Banking in India is in crisis for some time since 2014, and there seems to be no light at the end of the tunnel. One crucial problem in the banking industry is the problems of the bank staff. The staff strength is not adequate to commensurate with the increased business. With the Government of India forcing banks to increase credit, the staff is not able to cope up with the pressure of work. There has been a number of suicides by young staff, and a number of staff are quitting the bank job due to pressure of work and poor salary.
Public perception is that bank staff are well paid, and they work in airconditioned offices in a happy atmosphere. A brief analysis shows that this is not true.
Till 1979 bank officers’ salary was more than that of civil servants. The Pillai Committee recommendations made both at par. Subsequently, the civil servants got better salary through Pay Commissions but bankers’ salary did not grow equal, in spite of bipartite settlements. Today the basic salary of a civil servant at officer’s scale at entry-level is Rs.56,100/- whereas in banks it is just Rs.23,700/-. In the insurance sector it is Rs.32,795/-. In RBI, NABARD and SIDBI it is around Rs. 33,000/-. Hence youth do not see the job attractive.
RBI, NABARD, Central Govt offices and most of the State Government offices work 5 days a week whereas Banks have only 2 Saturday off. The bank staff today work up to late hours, but they are not paid any overtime. The work-life balance is not at all satisfactory, and banks are nowhere in the list of good places to work.
Maternity Benefit Act provides for crèches in offices where the staff strength is more, but in the banking sector, it is not implemented.

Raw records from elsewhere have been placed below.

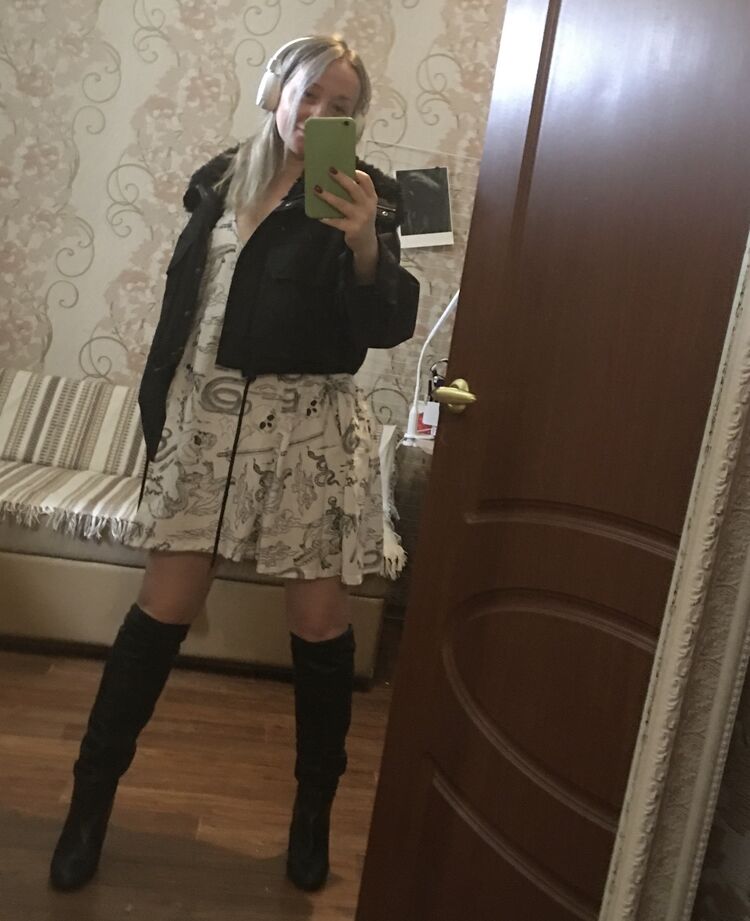  ,   , 46 ,     , c 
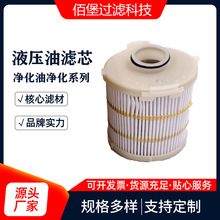 ۯBVо421-5479ҺVs| ۱^V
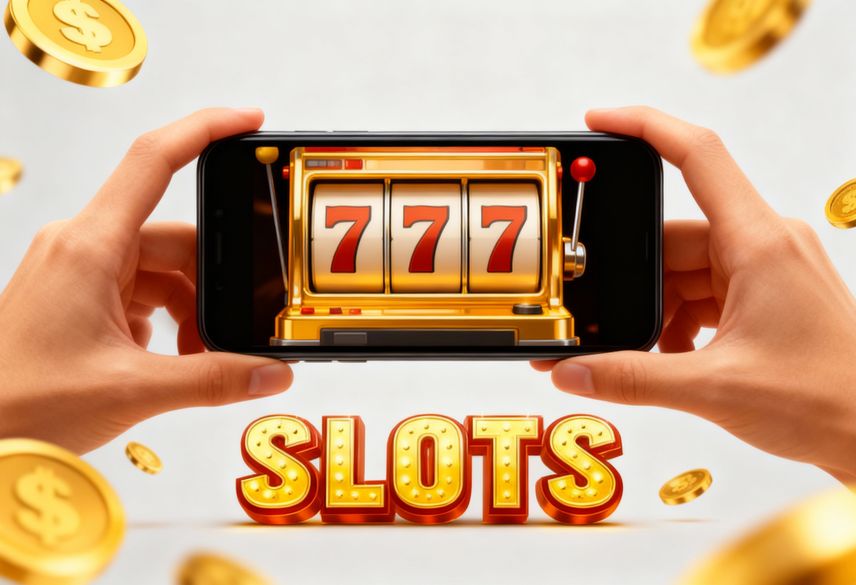 Alternatives to Mr Fortune Casino: Top-Rated Platforms to Try Today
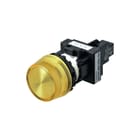 Omron - SWITCHES INDUSTRIAL Special Switches Industrial Signaallamp sign lamp a2260048c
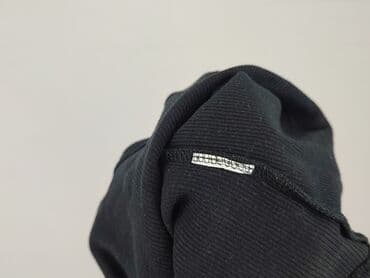 t shirty z dekoltem na plecach: Reserved YFL, T-shirt damski, rozmiar S — 5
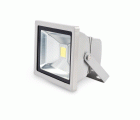 POWLI230 Foco led 20w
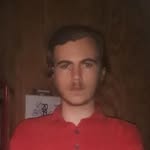 Raymond Hopper - @raymond_j._hopper - Instagram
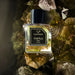 Product image of vertus auramber 100 ml edp unisex perfume - Image 4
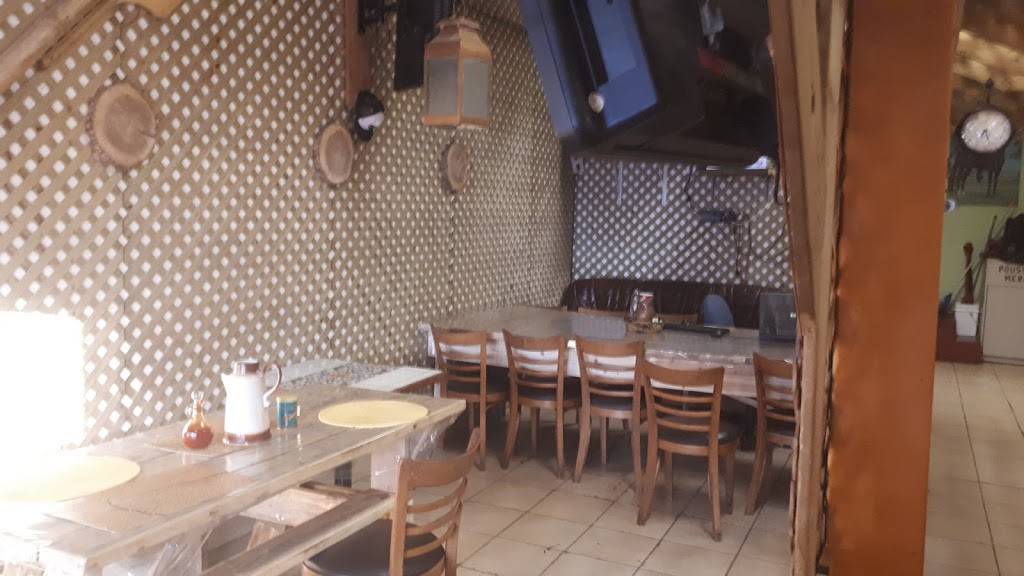 4 Stagioni Pizzeria & Brochetterie dauteuil | restaurant | 7255 Boulevard des Laurentides, Laval, QC H7H 2G1, Canada | 4506240444 OR +1 450-624-0444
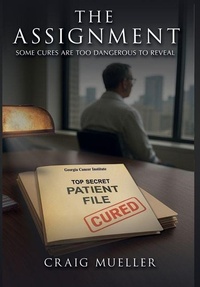 Enlarge image Cover: The Assignment - Craig Mueller Books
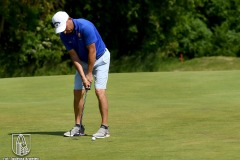 DSC_0472_golf_mp_2021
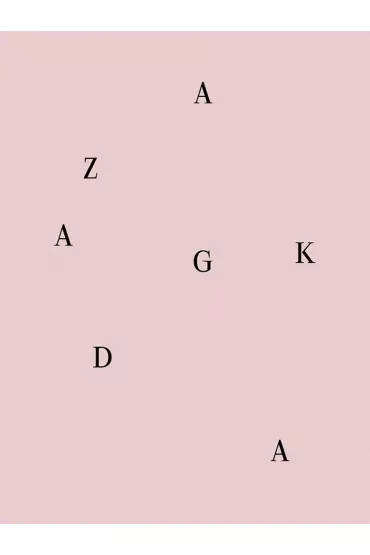 Zagadka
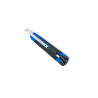 Dahle 10870 Allround Cuter con Cuchilla de 9mm - 2,06€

Retirees in the bank are also in a pitiable condition. The Govt employees on retirement get 50% of last drawn pay as pension, which is updated with every Pay Commission implementation, but in the Banking sector, it is not updated regularly with wage revision. SBI officers have a ceiling of 40% of last drawn pay as pension. Family pension in Govt is 30% of last drawn pay, whereas in most of the banks it is only 15%.
Govt employees have health care from good hospitals even after retirement, whereas the bankers are at the mercy of insurance companies. Individuals are able to get better service from hospitals with insurance than the industry level insurance scheme.
This is affecting the quality of staff in the banks, the quality of service and also the quality of credit.
Unless the Indian Bank Association and the Finance Ministry of Government of India address these issues, the future of banking and bank staff will be in crisis. We will have sub-standard staff, who will provide sub-standard services and the credit quality will also be sub-standard.
Thomas Franco is former General Secretary of All India Bank Officers’ Confederation.